A network is defined as a group (2 or more) of systems such as Windows desktop and server platforms that connect together for the purpose of sharing resources. Typical resources include printers, storage devices and folders that include files and other data that users may wish to use. Networks are used to give centralized access (secure access) to networked resources and generally, the entire network (whether it be a home based office, or a corporation’s infrastructure) all connect up to the biggest shared resource in use today – the World Wide Web.
# 5: Initial Configuration
The first problem that comes to mind is glitches that occur when configuring your network, your systems and resources for use. There are many components to a typical network and as size and use grows, so do its complexities and the possibility for problems to arise. With the rise in telecommuting over the past 10 years, and the growth of this market in terms of hardware and software offerings, there are many people setting up systems and networking them together without any formal education on the topics or systems, networking and security.
No matter whether you are setting up and configuring Windows, or a Linksys router, there are many things that need to be considered and done correctly. There are also multiple ways of doing things, and so, the best practices should be considered and followed. For example, the computer system you want to connect to the Internet. This simple example requires you to know a few things about TCP/IP addressing schemes, the DHCP protocol and cabling (or wireless for those who have it available). A great primer to networking can be found by following this link. Here you can get an idea of the complexity of networking if you are not already familiar with the fundamentals.
When setting up your systems, the biggest things that cause disruption are loss of your main power source, incorrect cabling (or wireless configurations), lack of/or misconfigured protocols (such as IP) and problems with Windows systems such as misconfigured network services. Another issue to consider is the configuration of how your client computers access shared resources, such as a network printer. Many times, a ‘server’ is used to provide centralized access which would mean you would need to configure properties on the print server, or if the print server function is located and controlled on a server, the configuration of the workgroup, or client/server relationship. This is a huge stumbling block for those working with networked Windows systems… the relationship of a client to the server it uses to work with shared resources. After the initial configuration and testing of your network, the next steps should be to document it correctly so that if problems do pop up, you have the phone number for your ISP handy, or the manuals (or Web links) to the systems you are working with.
# 4: Credential, Permission and Rights Problems
So, if you configured everything correctly and connected all systems without issue – then what could possibly go wrong? Anything and everything. The first problem that comes to mind with Windows systems is credentials, permissions and rights. Most times, you may try to access a host and not be able to because… yep, you guessed it – because they can not log in, or they do not have permissions to access resources once they are logged in.

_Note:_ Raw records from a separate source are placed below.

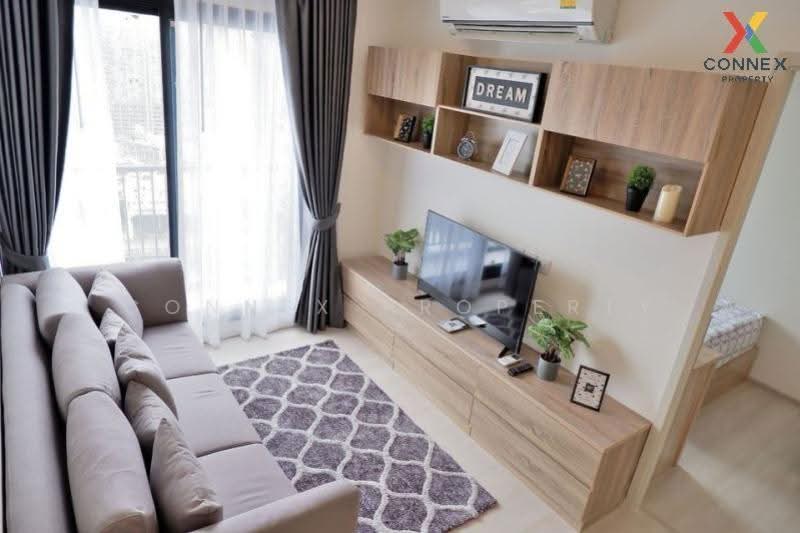 Life Asoke, Bangkok, Asoke-Dindang Road, Bang Kapi, Huai Khwang, Bangkok, 2 Bedrooms, 53 sqm, Condo For Rent, by Connex Property, 500194966 - DDproperty.com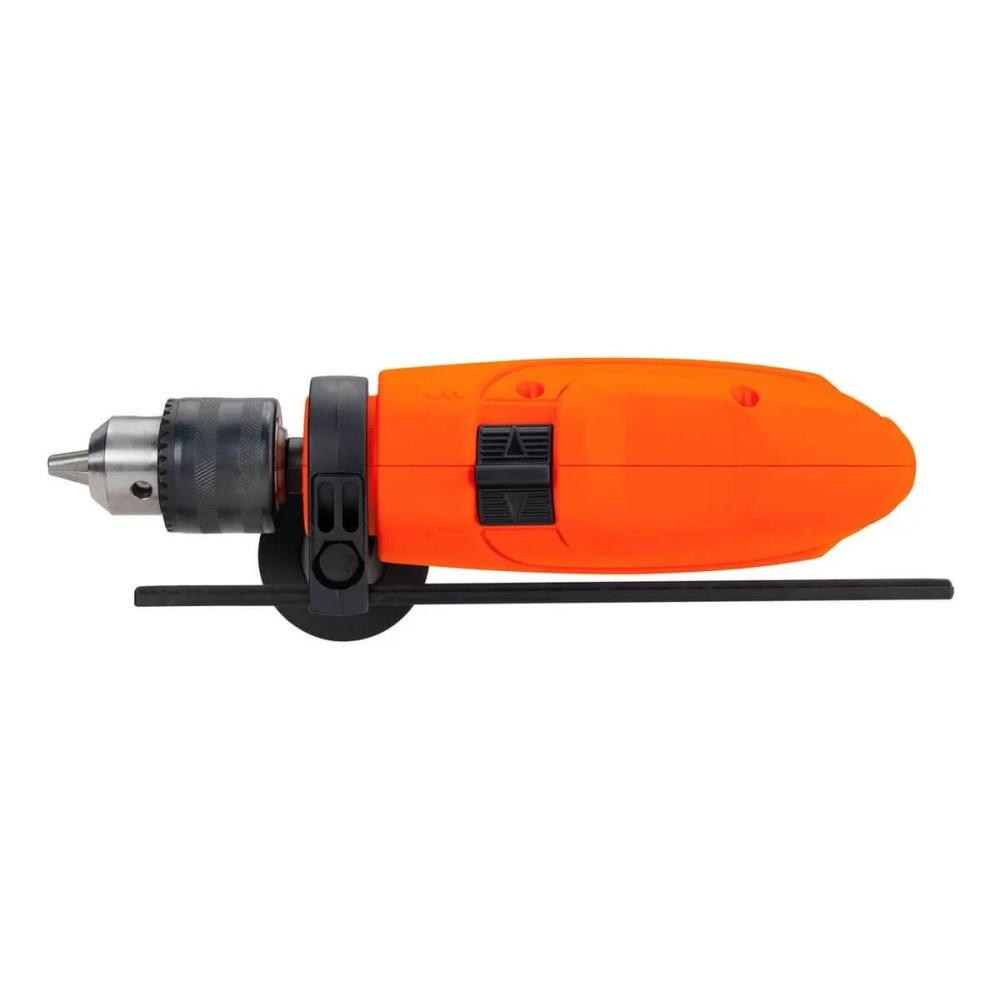 KIT TALADRO PERCUTOR 550W B&D HD555 + ESMERIL DEWALT DWE4212-B2 1.200 W - 2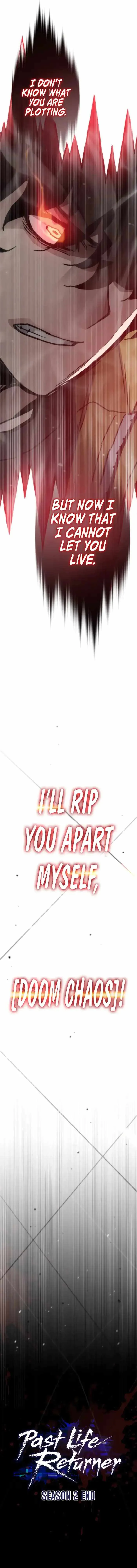 Past Life Returner (Remake 2022) Chapter 92 page 22
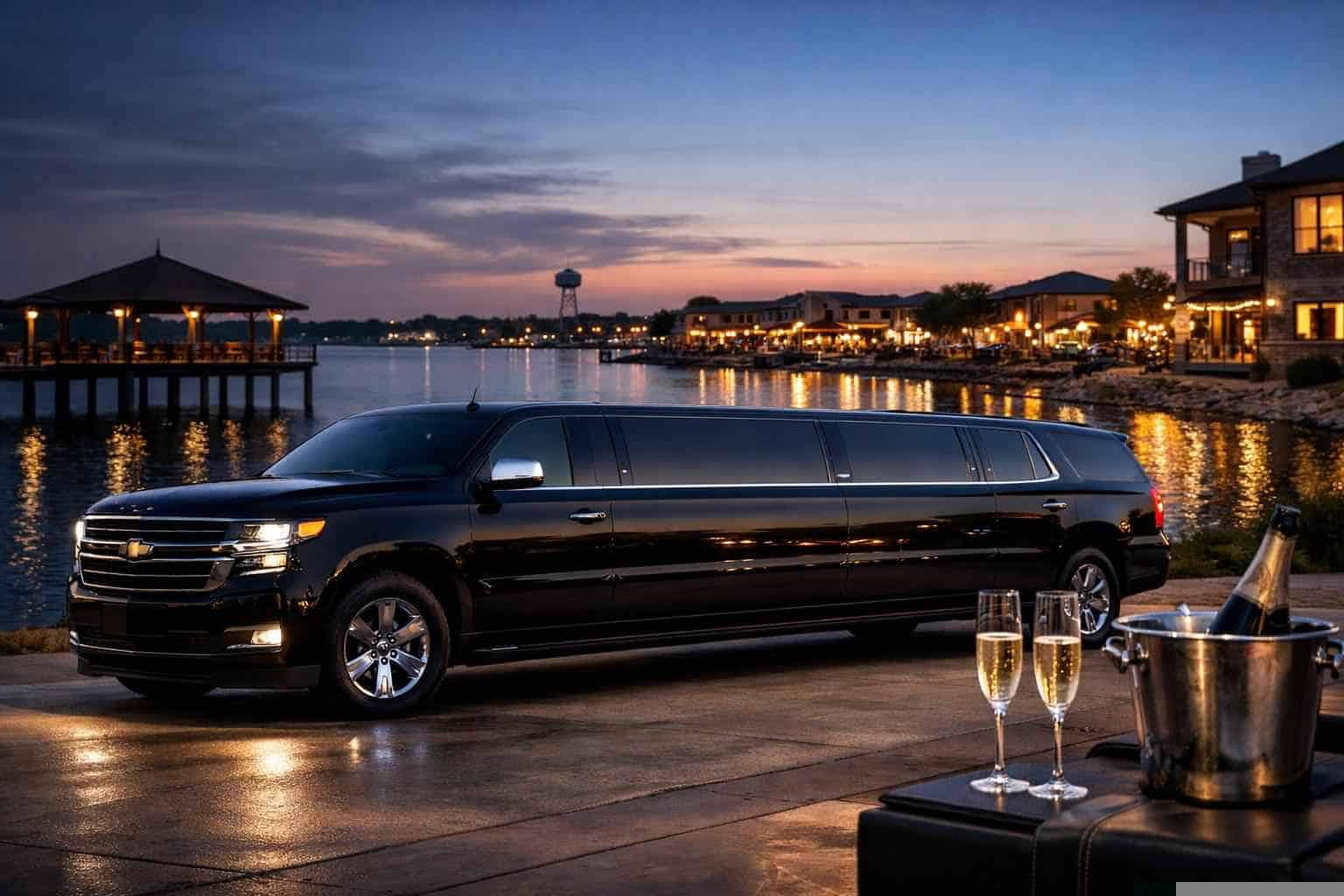 Little Elm Texas SUV Limousine Rental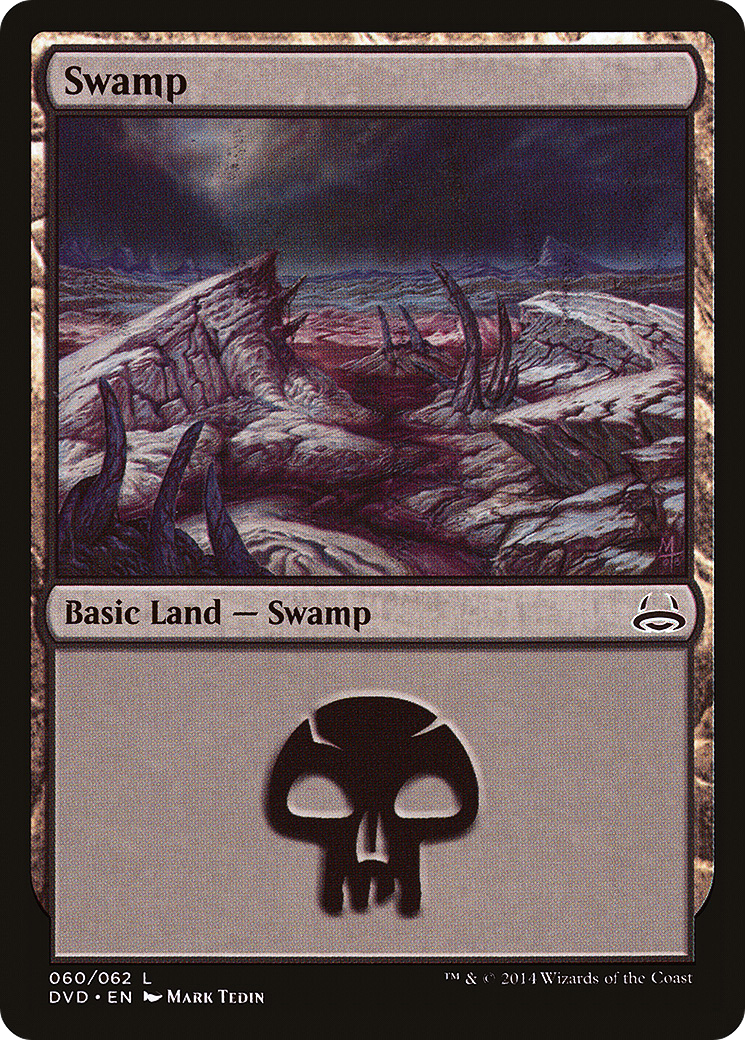 Swamp Card Image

You can use the Windows Event Viewer to find most of your problems in this area, if you can log on and check it. It’s recommended that you store a password in a safe place in case you forget, but never leave a credential set (username and password) visible for anyone to locate and use without your permission. Not being able to access resources over your network is a common issue and easily resolved with a better design, or a contingency plan to recover lost of forgotten credentials.
# 3: Network Performance
This is by far the most common issue with networking in general. With Windows, performance can be affected in many ways. For example, if you build or buy a computer system without taking into consideration the applications you will run across the network. The most common applications are any type that requires a client to server relationship, which means the client installed on the Windows desktop must interface and transmit data over the network in order to function. If network performance is impacted, either the network is too slow (very common term), or the application was not developed with the network in mind. It can be confusing to solve this type of issue and normally requires advanced analysis of the problem usually needing a tool such as a packet analyzer (known as a sniffer) to solve.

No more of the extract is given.